Due to my level of symptoms and the inability of my medication to have enough of an impact on them I continue to have driving restrictions. This will probably be ongoing for me. I am limited to the amount of km’s I can drive from my home address. This limits my job opportunities and my ability to visit my family and friends. I am also unable to drive between the hours of 9pm-6am as without my medication (I can’t take stimulant medication at night) my symptoms are too serious to drive a car. My restrictions are not just set by my sleep specialist they are on my driver’s licence put in place by VicRoads, my State’s drivers licencing authority. My driving restrictions cause me to feel further isolated and alone with my experience as I rely on others to plan a simple visit to my parents’ home or my best friends.

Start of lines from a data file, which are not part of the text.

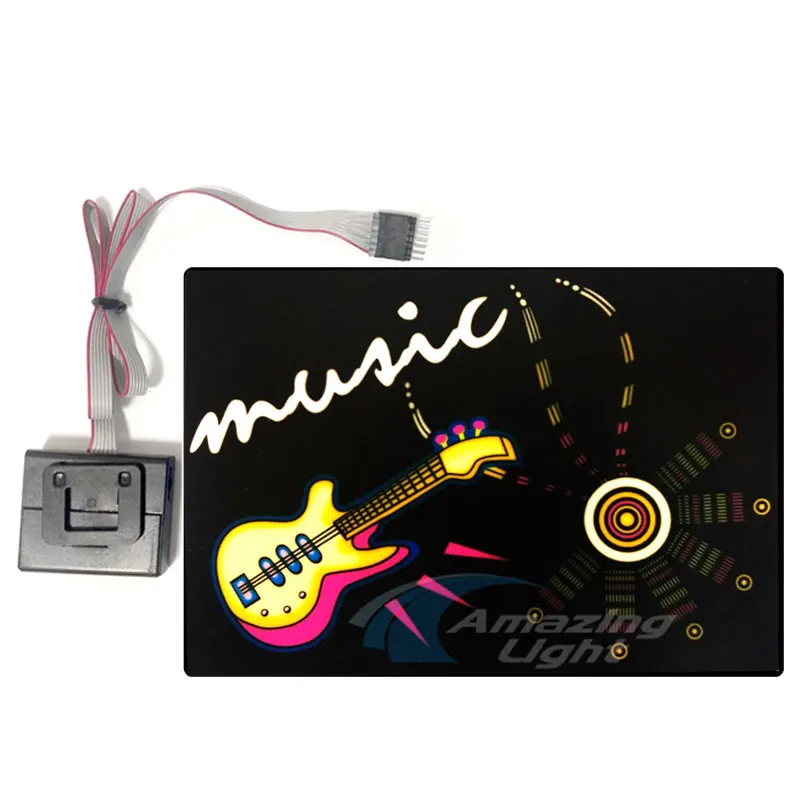 Мигающая музыкальная панель для гитары вечеривечерние картонная светильник кой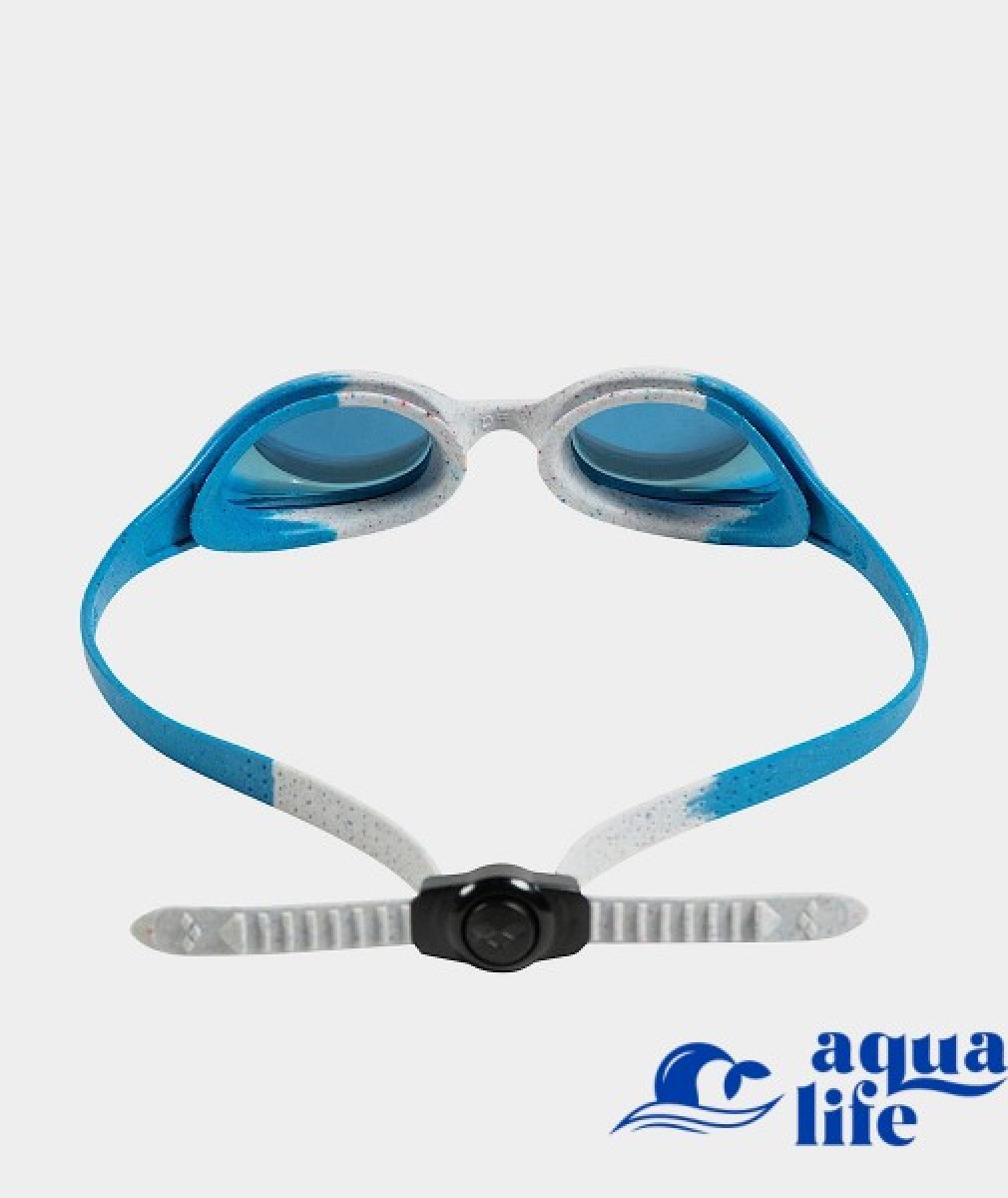 очки для плавания Дитячі окуляри SPIDER JR MIRROR blue-grey-blue Arena картинка 3119 3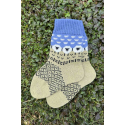 Woolen socks with a "Lamb" pattern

Since my diagnosis there has been many different changes in my life. My role at work was changed and my work hours have been reduced to involve a day off every fortnight instead of full time. I have been required to put multiple strategies in place to address each symptom I experience which include:

  • Setting alarms every morning to help me get out of bed while also having those around me help me wake up when my body decides to rebel against me.

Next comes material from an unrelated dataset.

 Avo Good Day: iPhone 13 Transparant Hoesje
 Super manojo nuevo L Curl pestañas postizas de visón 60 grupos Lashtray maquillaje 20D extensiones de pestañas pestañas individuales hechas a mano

  • Creating routines for where I put things and for details I need to remember. Everything I have to remember needs to be in my calendar or set as an alarm to ensure it is not forgotten. This includes a reminder to take meat out of the freezer or turn on the oven. I put my car keys in a storage box as if I do not follow this routine I will lose them.

  • I avoid going to bed prior to my scheduled time to ensure I do not impact on my sleep routine. Majority of the time I attempt to give myself at least 9 hours sleep a night with fluctuations of less and more on occasion.

  • I attempt to complete tasks slowly with regular rest breaks to avoid my tiredness impacting me so badly that my body shuts down.
     

My diagnosis has helped me have some understanding of my symptoms and helps me feel less abnormal or weird. My diagnosis has provided me with opportunities to engage with others with idiopathic hypersomnia and help create awareness and understanding of the condition. The diagnosis has helped me gain access to PBS (affordable) medication to support me to stay awake throughout the day. My diagnosis has helped me be kind to myself and to accept my limitations and accept the symptoms are part of a condition that I can’t control. However, my diagnosis has not changed my experience or how idiopathic hypersomnia affects me. My medication allows for a little respite from my excessive sleepiness but it does not keep me from struggling to stay awake every day, it does not stop my memory problems or my experience of brain fog (which leaves me unable to speak coherently and stay focused), it does not stop my body from shutting down at night resulting in the inability to walk to bed or the sleep drunkenness I experience in the morning as my brain fights against me for more sleep.

 

Prior to my diagnosis I had never heard of idiopathic hypersomnia, even now there is so little known or understood that it is challenging to know how to manage my illness and lessen the impact on my daily life. Idiopathic hypersomnia is not just feeling tired it is feeling like you are constantly in a day dreaming state even when you have had lots of good quality sleep. I hear everyone around me and I see everything around me but I can’t always focus or acknowledge everything that is happening in my environment. My body is constantly seeking out the right amount of sleep to feel refreshed which is never achieved because no amount of sleep is ever enough. The slightest overexertion of tasks can leave me completely exhausted and burnt out for days. Living with an illness that has no medication to decrease the symptoms, no knowledge to understand the reasons behind it and that is rare is a very challenging, lonely and is frustrating. I live every day trying to manage an illness that I don’t understand, can’t control and is widely misunderstood and unknown. It is a lonely journey that impacts my mental health and my confidence.